Нервничали конвоиры, следователь склонил голову и привычно захрапел, теперь уже реже обычного открывая глаза, а Кирилл заулыбался, что для человека, находящегося в клетке, выглядело вовсе странно. Он мечтал о свободе, которая замаячила впереди.
Федин радовался про себя: «Захотели нас оформить? Кукиш!»
Вот появился вальяжный судья, но не остался стоять, чтобы зачитать решение.
Федин подумал:
«Зятьку генерального можно и сидя».
Но зятек сказал:
— Возвращаемся к рассмотрению дела…
«Да, не все у них сходится», — глянул Федин на вздернувшего голову следака.
Но возвращение не привело к финалу. Дело отложили на следующий день.
Федин шел, чувствуя себя победителем, пусть и не до конца, но на первом этапе.
Неожиданно прозрел: шел и впитывал очарование пушистого снега на зеленых листьях.
— Как пироги, — разглядывал белые ломти на прогнувшихся ветках.
«Вот он, Сочи.

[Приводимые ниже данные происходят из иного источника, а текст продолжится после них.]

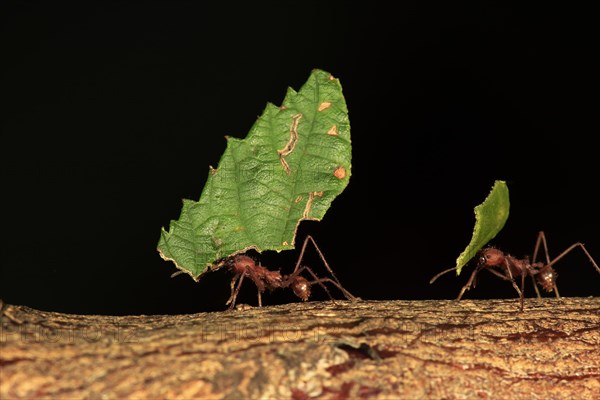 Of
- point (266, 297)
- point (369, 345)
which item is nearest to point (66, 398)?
point (369, 345)

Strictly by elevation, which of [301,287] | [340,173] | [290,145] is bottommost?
Answer: [301,287]

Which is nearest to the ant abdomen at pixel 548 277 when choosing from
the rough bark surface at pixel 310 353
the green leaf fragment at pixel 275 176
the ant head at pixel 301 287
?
the rough bark surface at pixel 310 353

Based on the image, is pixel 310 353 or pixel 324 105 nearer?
pixel 310 353

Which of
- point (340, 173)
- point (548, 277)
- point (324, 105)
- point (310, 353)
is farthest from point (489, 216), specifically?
point (548, 277)

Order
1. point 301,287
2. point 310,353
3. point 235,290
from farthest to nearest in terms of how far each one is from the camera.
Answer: point 301,287 < point 235,290 < point 310,353

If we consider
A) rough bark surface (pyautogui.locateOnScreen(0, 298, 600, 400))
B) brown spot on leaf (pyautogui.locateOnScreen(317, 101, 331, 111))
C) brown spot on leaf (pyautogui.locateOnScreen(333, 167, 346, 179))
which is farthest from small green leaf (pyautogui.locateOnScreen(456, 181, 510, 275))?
brown spot on leaf (pyautogui.locateOnScreen(317, 101, 331, 111))

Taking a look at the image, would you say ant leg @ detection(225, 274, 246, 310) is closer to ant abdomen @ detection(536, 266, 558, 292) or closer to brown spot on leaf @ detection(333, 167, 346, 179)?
brown spot on leaf @ detection(333, 167, 346, 179)

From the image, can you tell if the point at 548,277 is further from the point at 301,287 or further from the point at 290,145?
the point at 290,145
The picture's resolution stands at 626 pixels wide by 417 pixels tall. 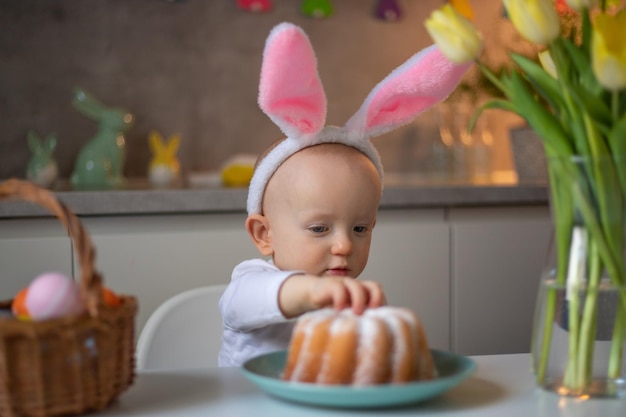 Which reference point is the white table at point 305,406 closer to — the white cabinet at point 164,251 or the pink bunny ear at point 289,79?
the pink bunny ear at point 289,79

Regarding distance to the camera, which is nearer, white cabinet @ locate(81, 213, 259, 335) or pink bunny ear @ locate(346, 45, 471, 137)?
pink bunny ear @ locate(346, 45, 471, 137)

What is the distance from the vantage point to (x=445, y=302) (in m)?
2.28

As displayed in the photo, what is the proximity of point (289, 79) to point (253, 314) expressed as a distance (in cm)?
26

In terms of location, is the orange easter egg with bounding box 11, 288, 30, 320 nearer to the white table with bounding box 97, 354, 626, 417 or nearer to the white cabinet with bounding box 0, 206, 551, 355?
the white table with bounding box 97, 354, 626, 417

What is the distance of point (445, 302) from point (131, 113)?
4.02 ft

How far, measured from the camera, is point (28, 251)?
6.53 feet

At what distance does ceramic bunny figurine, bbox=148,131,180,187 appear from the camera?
259 cm

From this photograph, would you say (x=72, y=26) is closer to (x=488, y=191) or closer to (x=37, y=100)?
(x=37, y=100)

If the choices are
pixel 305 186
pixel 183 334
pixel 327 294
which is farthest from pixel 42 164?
pixel 327 294

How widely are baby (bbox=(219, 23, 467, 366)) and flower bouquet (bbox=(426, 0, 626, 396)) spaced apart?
0.21 metres

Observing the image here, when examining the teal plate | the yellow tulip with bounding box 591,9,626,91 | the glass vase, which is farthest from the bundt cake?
the yellow tulip with bounding box 591,9,626,91

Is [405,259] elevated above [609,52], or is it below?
below

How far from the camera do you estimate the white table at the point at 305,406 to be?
0.68m

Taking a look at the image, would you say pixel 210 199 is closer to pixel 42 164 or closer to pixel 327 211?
pixel 42 164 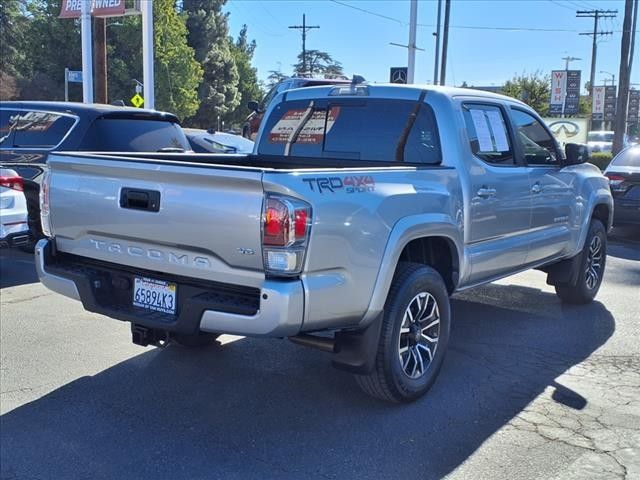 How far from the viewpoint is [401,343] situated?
4.17 m

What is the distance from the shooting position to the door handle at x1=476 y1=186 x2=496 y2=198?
15.6ft

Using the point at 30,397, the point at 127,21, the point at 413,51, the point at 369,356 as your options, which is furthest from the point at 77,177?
the point at 127,21

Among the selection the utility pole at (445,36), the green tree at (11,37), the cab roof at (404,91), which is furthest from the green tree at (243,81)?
the cab roof at (404,91)

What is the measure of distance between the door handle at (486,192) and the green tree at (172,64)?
38.4 metres

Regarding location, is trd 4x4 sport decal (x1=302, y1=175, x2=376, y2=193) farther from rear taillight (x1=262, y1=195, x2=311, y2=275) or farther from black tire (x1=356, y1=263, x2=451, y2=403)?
black tire (x1=356, y1=263, x2=451, y2=403)

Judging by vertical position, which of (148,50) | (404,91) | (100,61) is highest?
(148,50)

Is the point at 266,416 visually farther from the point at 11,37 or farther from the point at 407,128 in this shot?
the point at 11,37

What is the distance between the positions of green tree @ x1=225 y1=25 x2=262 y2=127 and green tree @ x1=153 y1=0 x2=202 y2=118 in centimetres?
1293

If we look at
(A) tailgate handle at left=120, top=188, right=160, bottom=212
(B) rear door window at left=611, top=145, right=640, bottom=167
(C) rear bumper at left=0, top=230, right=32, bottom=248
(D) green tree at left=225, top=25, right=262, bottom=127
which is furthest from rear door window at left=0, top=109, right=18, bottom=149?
(D) green tree at left=225, top=25, right=262, bottom=127

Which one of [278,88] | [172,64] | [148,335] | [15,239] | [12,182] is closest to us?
[148,335]

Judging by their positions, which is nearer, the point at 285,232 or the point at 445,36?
the point at 285,232

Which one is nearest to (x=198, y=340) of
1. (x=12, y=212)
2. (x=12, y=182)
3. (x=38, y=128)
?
(x=12, y=212)

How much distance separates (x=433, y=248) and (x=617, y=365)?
1.79 metres

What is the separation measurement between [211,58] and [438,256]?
49.0m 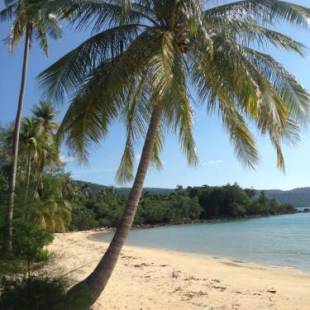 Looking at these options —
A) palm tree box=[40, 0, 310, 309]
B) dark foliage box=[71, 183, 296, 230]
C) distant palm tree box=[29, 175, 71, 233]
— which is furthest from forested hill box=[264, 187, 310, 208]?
palm tree box=[40, 0, 310, 309]

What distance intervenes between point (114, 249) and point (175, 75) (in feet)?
9.98

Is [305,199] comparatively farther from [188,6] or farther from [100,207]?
[188,6]

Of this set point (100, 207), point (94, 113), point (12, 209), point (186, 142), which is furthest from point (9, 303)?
point (100, 207)

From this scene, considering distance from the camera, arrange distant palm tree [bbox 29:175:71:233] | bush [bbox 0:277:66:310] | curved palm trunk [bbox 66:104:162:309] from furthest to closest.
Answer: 1. distant palm tree [bbox 29:175:71:233]
2. curved palm trunk [bbox 66:104:162:309]
3. bush [bbox 0:277:66:310]

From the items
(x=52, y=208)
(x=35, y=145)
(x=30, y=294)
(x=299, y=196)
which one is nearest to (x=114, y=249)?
(x=30, y=294)

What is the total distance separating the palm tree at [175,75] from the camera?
7957 millimetres

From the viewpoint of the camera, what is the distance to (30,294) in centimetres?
679

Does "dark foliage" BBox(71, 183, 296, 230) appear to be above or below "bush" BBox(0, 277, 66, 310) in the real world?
above

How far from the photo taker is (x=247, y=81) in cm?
779

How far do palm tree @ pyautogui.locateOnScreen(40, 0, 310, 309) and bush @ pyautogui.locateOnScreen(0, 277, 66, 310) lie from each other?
778 mm

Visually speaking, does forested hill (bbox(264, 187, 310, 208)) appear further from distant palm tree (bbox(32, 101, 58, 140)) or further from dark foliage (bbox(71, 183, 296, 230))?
distant palm tree (bbox(32, 101, 58, 140))

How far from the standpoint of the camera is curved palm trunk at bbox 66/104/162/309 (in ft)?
24.5

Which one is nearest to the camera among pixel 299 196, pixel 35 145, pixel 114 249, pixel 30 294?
pixel 30 294

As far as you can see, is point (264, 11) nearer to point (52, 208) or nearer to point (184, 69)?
point (184, 69) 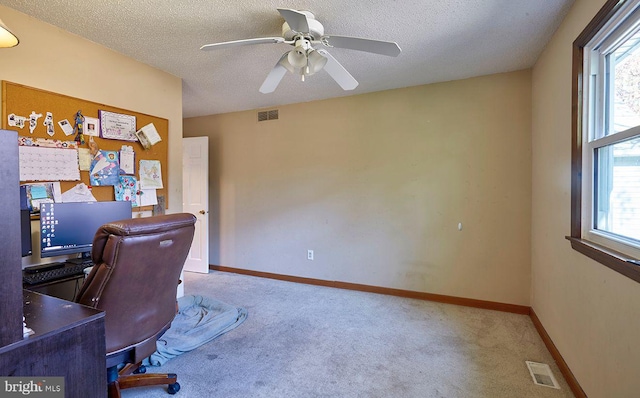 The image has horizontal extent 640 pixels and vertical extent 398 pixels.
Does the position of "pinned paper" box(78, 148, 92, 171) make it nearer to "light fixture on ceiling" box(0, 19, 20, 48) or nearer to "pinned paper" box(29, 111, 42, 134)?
"pinned paper" box(29, 111, 42, 134)

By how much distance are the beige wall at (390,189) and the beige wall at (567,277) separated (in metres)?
0.27

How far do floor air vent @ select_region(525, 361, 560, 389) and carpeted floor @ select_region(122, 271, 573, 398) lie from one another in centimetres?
4

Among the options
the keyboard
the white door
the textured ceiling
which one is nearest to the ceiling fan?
the textured ceiling

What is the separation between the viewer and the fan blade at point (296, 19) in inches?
60.7

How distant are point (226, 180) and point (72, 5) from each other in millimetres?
2811

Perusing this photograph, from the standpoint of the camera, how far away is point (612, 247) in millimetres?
1553

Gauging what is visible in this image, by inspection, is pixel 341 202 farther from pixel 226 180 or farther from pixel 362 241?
pixel 226 180

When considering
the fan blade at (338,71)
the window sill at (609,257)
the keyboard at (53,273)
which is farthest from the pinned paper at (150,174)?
the window sill at (609,257)

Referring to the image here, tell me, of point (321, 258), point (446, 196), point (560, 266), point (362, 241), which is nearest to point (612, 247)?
point (560, 266)

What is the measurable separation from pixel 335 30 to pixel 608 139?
72.3 inches

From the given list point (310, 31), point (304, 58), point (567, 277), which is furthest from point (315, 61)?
point (567, 277)

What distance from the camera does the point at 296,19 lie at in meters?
1.62

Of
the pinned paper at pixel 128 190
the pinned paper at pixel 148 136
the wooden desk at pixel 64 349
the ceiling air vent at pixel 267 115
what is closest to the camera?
the wooden desk at pixel 64 349

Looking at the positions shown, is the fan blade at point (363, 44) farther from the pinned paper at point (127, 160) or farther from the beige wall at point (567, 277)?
the pinned paper at point (127, 160) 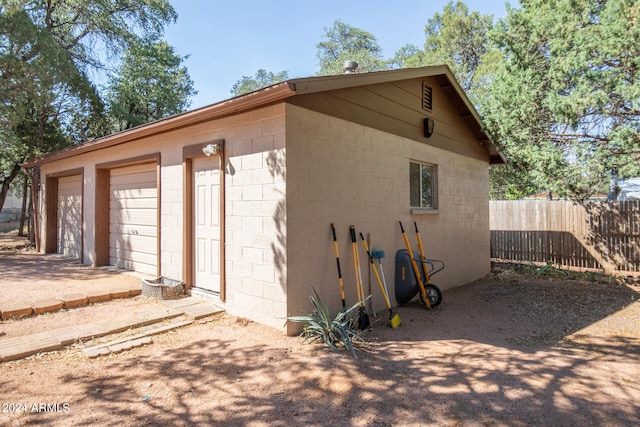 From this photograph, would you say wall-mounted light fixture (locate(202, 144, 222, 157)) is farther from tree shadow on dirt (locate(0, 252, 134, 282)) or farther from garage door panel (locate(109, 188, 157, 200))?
tree shadow on dirt (locate(0, 252, 134, 282))

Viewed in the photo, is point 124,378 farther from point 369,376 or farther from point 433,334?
point 433,334

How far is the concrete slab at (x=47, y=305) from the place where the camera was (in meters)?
5.05

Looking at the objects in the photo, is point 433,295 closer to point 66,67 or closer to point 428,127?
point 428,127

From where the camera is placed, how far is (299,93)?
13.9 feet

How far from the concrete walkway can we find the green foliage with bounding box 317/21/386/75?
26556 millimetres

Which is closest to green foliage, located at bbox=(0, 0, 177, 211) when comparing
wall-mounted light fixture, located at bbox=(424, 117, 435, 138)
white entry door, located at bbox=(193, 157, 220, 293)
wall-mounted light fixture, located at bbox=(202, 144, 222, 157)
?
white entry door, located at bbox=(193, 157, 220, 293)

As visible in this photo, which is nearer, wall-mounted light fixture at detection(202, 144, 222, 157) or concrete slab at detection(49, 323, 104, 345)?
concrete slab at detection(49, 323, 104, 345)

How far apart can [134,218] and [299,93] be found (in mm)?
5033

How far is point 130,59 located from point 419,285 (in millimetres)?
15300

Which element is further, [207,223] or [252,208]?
[207,223]

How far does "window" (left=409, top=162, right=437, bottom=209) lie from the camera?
7.03 metres

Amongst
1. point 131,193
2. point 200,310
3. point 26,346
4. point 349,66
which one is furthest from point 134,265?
point 349,66

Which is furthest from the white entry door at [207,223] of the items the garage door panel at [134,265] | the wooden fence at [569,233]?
the wooden fence at [569,233]

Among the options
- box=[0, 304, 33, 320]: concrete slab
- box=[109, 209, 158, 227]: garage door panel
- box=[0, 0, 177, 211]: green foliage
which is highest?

И погода не такая, как в средней полосе России. И судьи не такие».
А когда в проеме заснеженного склона и известковой стены обелился безлюдный широченный желоб сочинской станции с вагончиками, от сказочной красоты запел:» В лесу родилась елочка…»
Пел и расплывался в улыбке, словно не было изматывающего нервы дня, гонок и голодухи, к которой приучили бесконечные командировки.
В Сочи подмораживало. Утренний спуск оказался труднее прежнего: двигался, хватаясь за ветви, чтобы не поскользнуться, и его обсыпало снегом; и уже не думая, насколько переполнены травматологические пункты и больницы, добирался до суда.
Вальяжный судья нервничал, а моржонок-следак совал какие-то бумаги, уходили на перерыв, возвращались. Федина не покидала мысль:
«Неужели Кирилл выйдет на свободу?!»
Вальяжный заговорил еле слышно…
«Ну, свобода, ну!» — заныло сердце.
Но вальяжный четко закончил:
— Продлить содержание под стражей…
И снова пришлось бегать и оспаривать решение, писать жалобы. Потом сдавать. И мысли, что в России шага нельзя ступить без нервов.
Сразу сдать жалобы в суде не удалось, пустили по кругу по кабинетам. А когда сдал, снова корпел над томами, и все это сопровождалось репликами Кирилла:
— Надо ж, год назад на Рождество меня взяли…
— Это по кореновскому делу, — понял адвокат.
— В Крещение допросили… Перед Пасхой отпустили…
— Да, одни религиозные праздники, — оценил странную закономерность Федин.
Посыпались откровения бедолаги о буднях в СИЗО, где ему доверили стоять на «дороге» — так называется связь по изолятору после проверки, когда натягивают нити и по ним пересылают малявы, когда нужно ухо держать востро и, если начинается шмон, успеть уничтожить «дорогу», «съесть» симки из сотовых, чтобы они не попали в руки надсмотрщиков.
Федин слушал и читал.
А Кирилл продолжал: почему при появлении охраны к ним навстречу кидаются волонтеры — задержать, чтобы другие успели уничтожить, порвать — «съесть» следы. И сквозь рассказы Кирюхи Федин с силой вталкивал в себя прочитанное. Его давило объемом свалившейся информации, терзало холодом, а по спине все равно тек пот.